BLAMBANGANUMPU – Sejumlah petani singkong di wilayah Pakuan Ratu, Negara Batin, dan Negeri Besar kembali melayangkan keluhan terkait ketidakpatuhan pabrik pengolahan singkong terhadap Surat Edaran Gubernur Lampung serta Surat Peringatan Bupati Waykanan mengenai harga dan potongan singkong.
Para petani menilai harga yang diterapkan pabrik masih jauh di bawah standar, sementara potongan (refaksi) dinilai terlalu tinggi dan tidak transparan. Selain itu, sistem buka-tutup pabrik tanpa pemberitahuan jelas semakin mempersulit penjualan hasil panen.
“Harga singkong di beberapa pabrik masih sangat rendah, jauh dari ketentuan dalam surat edaran Gubernur. Kami sangat dirugikan,” ujar Nasir, petani asal Pakuan Ratu.
Keluhan serupa disampaikan Hery, petani lainnya. Menurutnya, potongan timbangan bisa mencapai 40 persen bahkan lebih, tanpa dasar perhitungan yang jelas.
“Alasannya macam-macam, kadang kadar air tinggi, kadang singkong kotor. Tapi kami tidak tahu cara menghitungnya,” ungkapnya.
Selain harga dan potongan, petani juga dirugikan dengan kebijakan buka-tutup pabrik secara mendadak.
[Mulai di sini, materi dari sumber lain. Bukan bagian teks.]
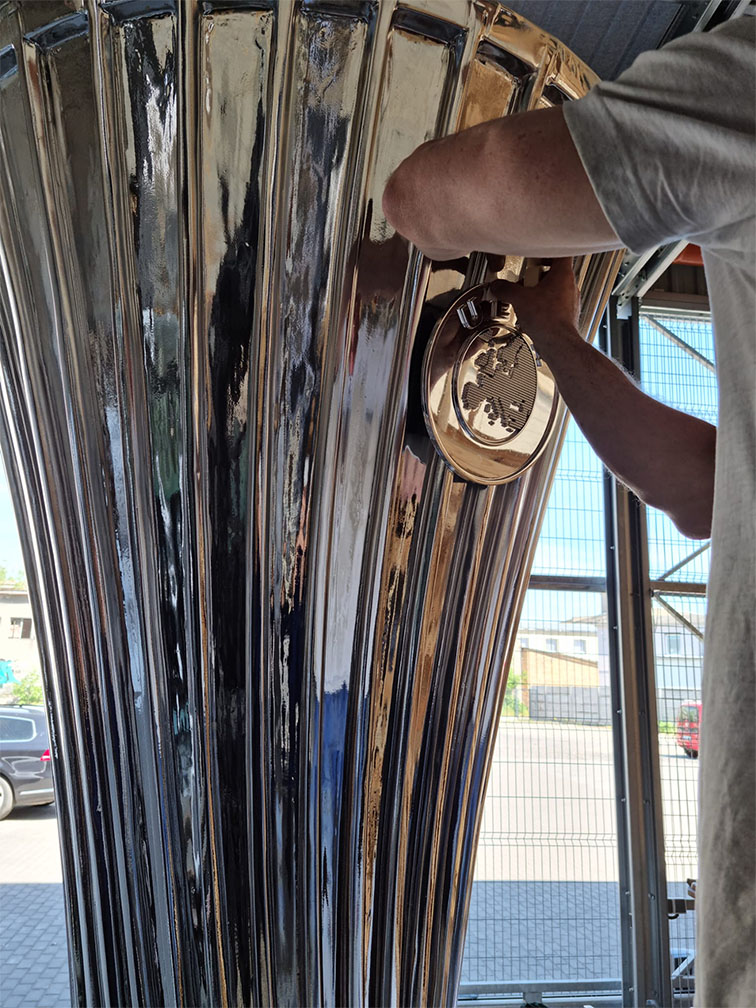 Ręce osoby montującej lub naprawiającej dużą, błyszczącą metalową tubę muzyczną w zadaszonym, przemysłowym otoczeniu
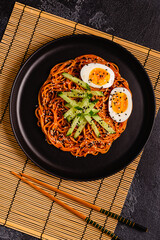Korean traditional food, cucumber and boiled egg cold spicy noodles.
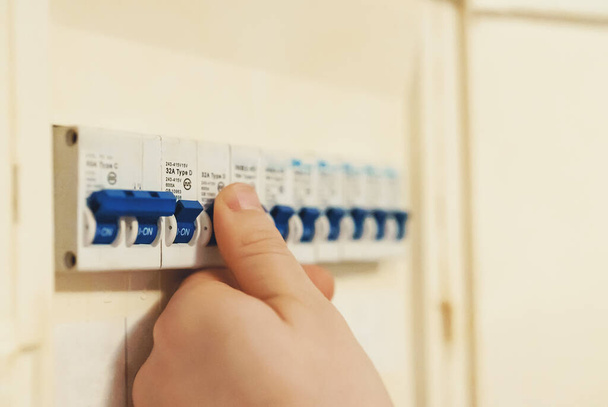 Male hand switching on fuse board. - Photo, Image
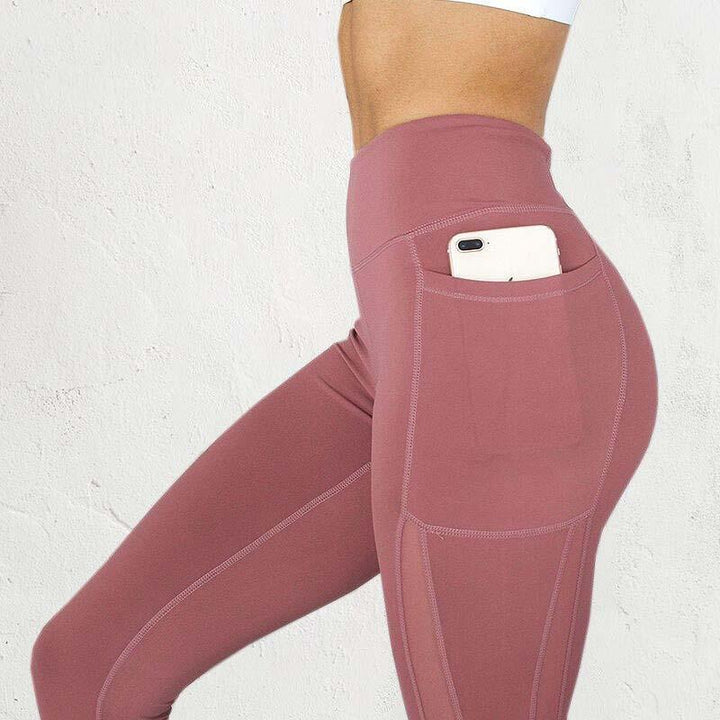 Kvinnors Högmidjade Kompressionsgymleggings – Stretchaktiva Kläder med Sidoficka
“Kami sudah jauh-jauh membawa singkong ke pabrik, tapi ternyata ditutup. Akhirnya kami keluar biaya transportasi lagi untuk mencari pembeli lain dengan harga lebih murah,” keluh seorang petani.
Menyikapi hal itu, petani berharap pemerintah provinsi dan kabupaten segera turun tangan menindak tegas pabrik yang tidak mematuhi aturan.
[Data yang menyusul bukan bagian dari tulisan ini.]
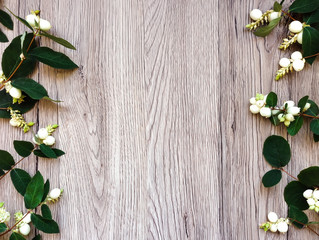 Frame of green branches of ghostberry on wooden table. Top view, flat lay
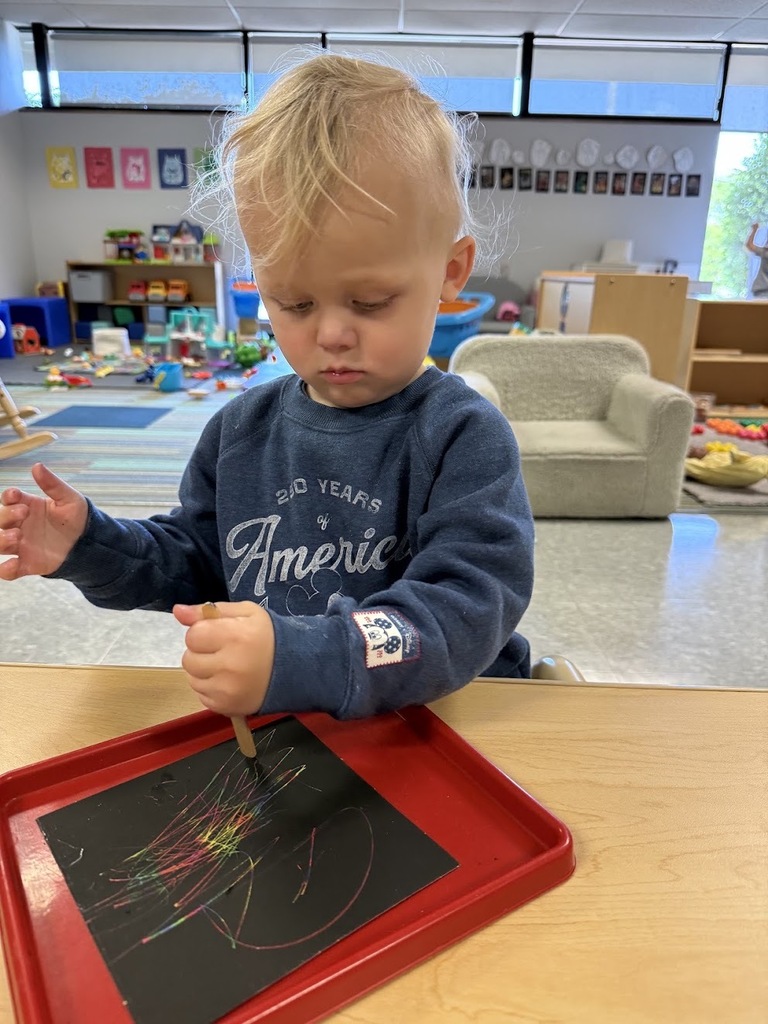 A blonde toddler in a navy sweatshirt focuses on making colorful scratch-art lines at a table.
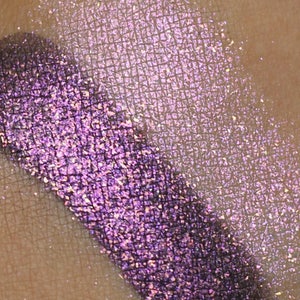 May include: A close-up of two eyeshadow swatches on skin. The left swatch is a deep purple with a shimmery finish. The right swatch is a light, iridescent white with a shimmery finish.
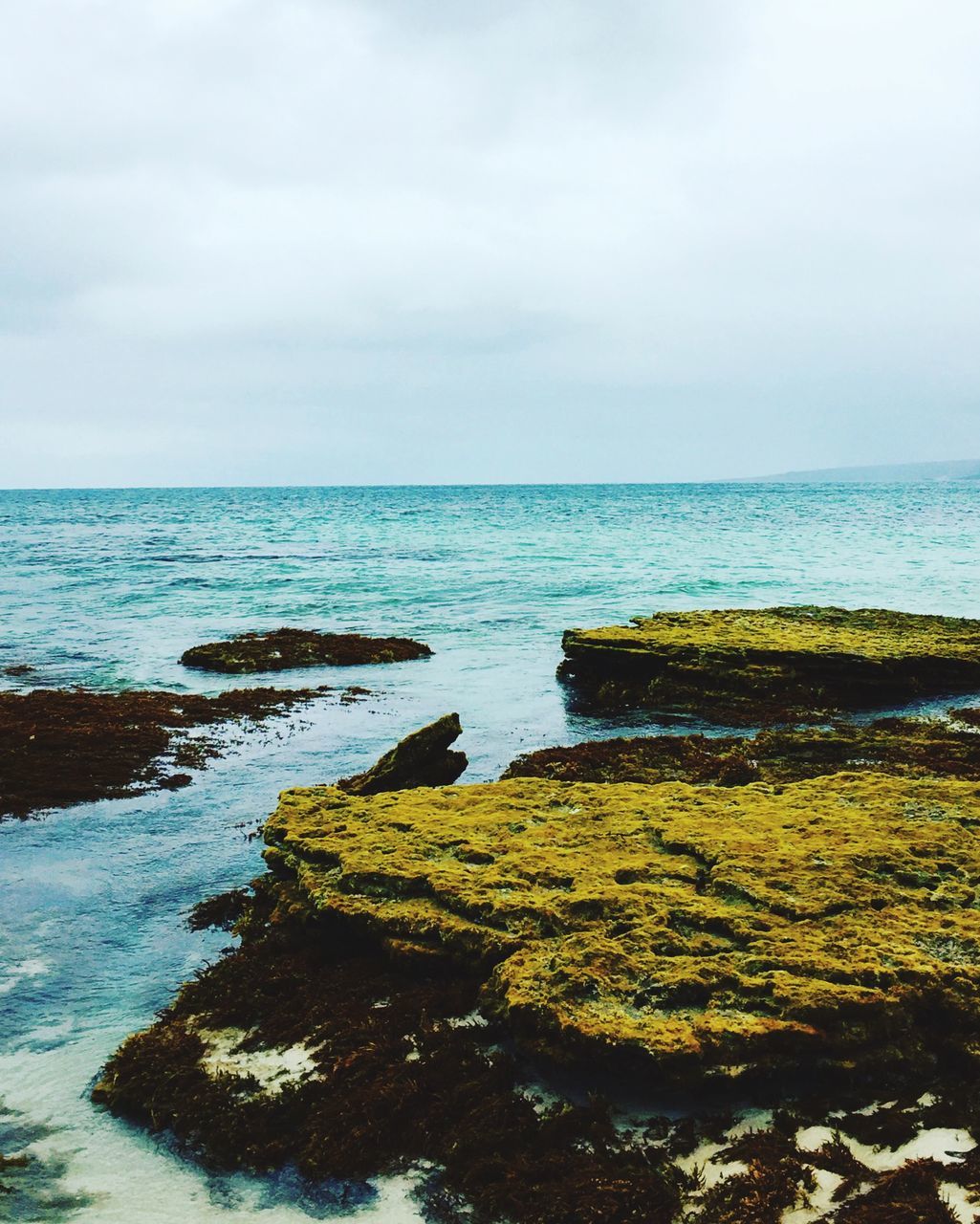 sea, water, horizon over water, tranquil scene, scenics, sky, tranquility, beauty in nature, nature, rock - object, idyllic, cloud - sky, beach, shore, remote, outdoors, cloud, day, non-urban scene, no people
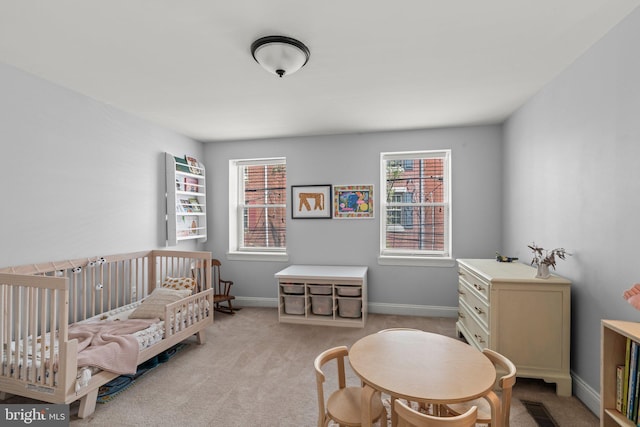 bedroom featuring a nursery area, carpet floors, and multiple windows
Mereka juga meminta adanya solusi alternatif agar tidak terus dirugikan oleh praktik yang dianggap merugikan.
Sementara itu, Manager CV Gajah Mada Inter Nusa, Ko Pimping, membenarkan pabriknya telah menutup operasional sejak Selasa (9/9).
Menurutnya, kondisi tersebut terjadi karena pabrik tidak mampu memenuhi tuntutan petani yang meminta potongan hanya 30 persen tanpa memperhitungkan kadar pati.
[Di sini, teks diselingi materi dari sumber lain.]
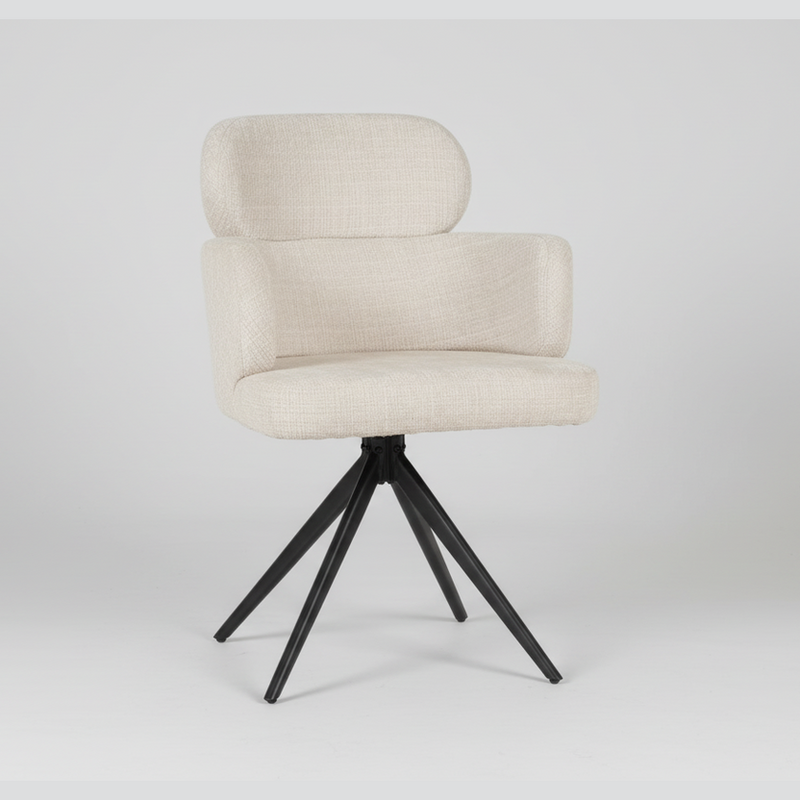 The Orbit Dining Chair features natural beige fabric upholstery, a curved backrest with armrests, and four black metal legs that splay outward for support. Shown against a plain white background.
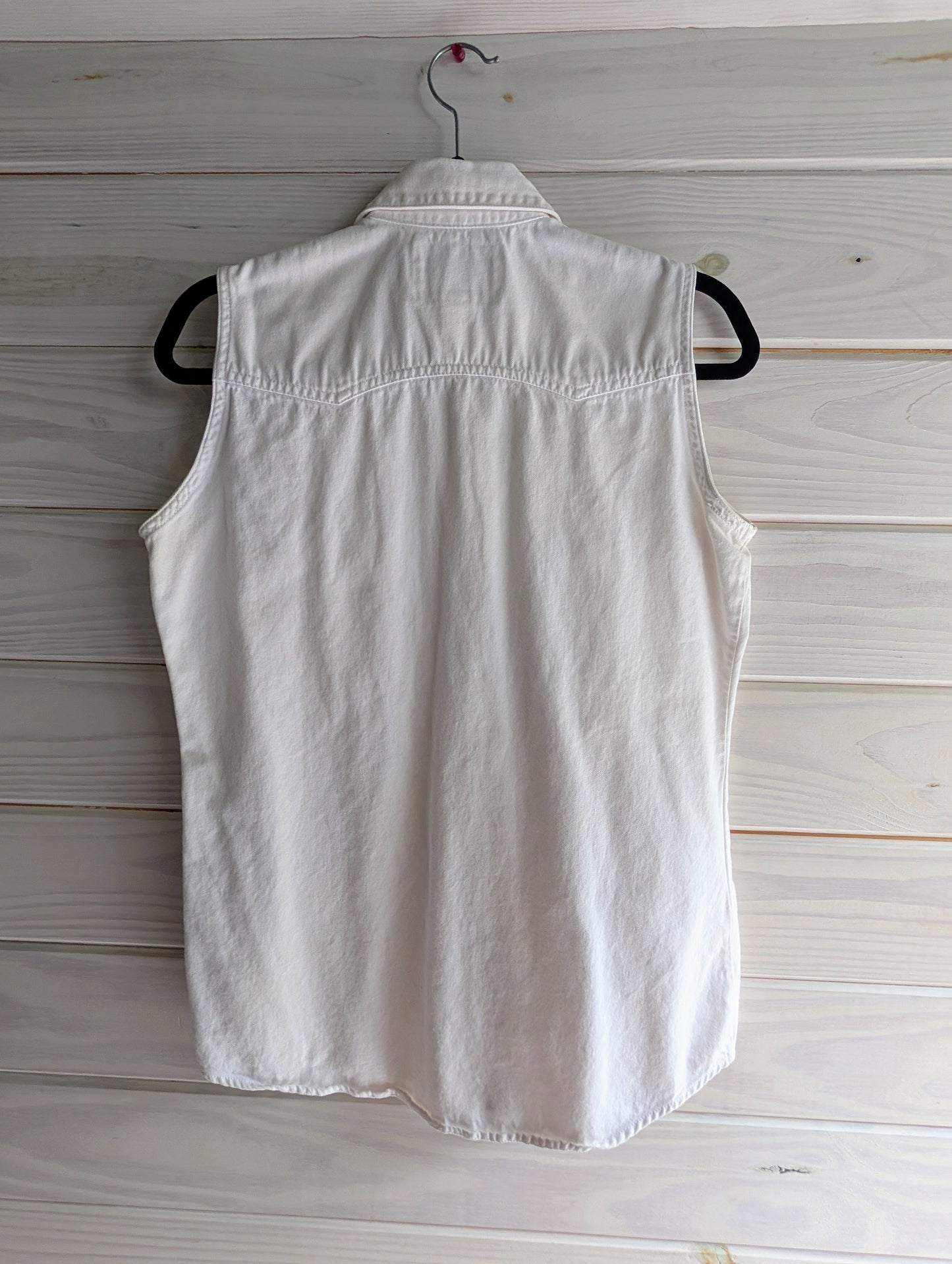 Back of white sleeveless 100% cotton denim shirt with white and silver pearl snap buttons on a hanger against a wooden background. Western style horizontal hemming on top of shoulders in slight double point on top of back.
“Ini jadi dilema bagi pabrik, karena harga jual tapioka di pasar lokal saat ini hanya Rp4.600 per kilogram. Ditambah lagi sulitnya mencari pembeli. Kalau keadaan terus seperti ini tanpa solusi dari pemerintah, bukan tidak mungkin semakin banyak pabrik yang tutup,” jelas Ko Pimping.
Ia menegaskan, pabrik juga membutuhkan perhatian pemerintah.
“Petani dituntut untung, tapi pabrik juga harus diperhatikan soal harga jual tapioka. Kalau ada stabilisasi harga, otomatis kami bisa membeli singkong dengan harga lebih baik. Sekarang karyawan mendesak pabrik buka, sementara kemampuan membeli singkong dengan aturan yang ada tidak memungkinkan,” keluhnya.
Hal senada diungkapkan Manager PT Agung Mulia Bunga Tapioka, Budi Pranata Jati. Ia menilai, kunci dari persoalan ini ada pada penyetabilan harga tapioka di pasar lokal.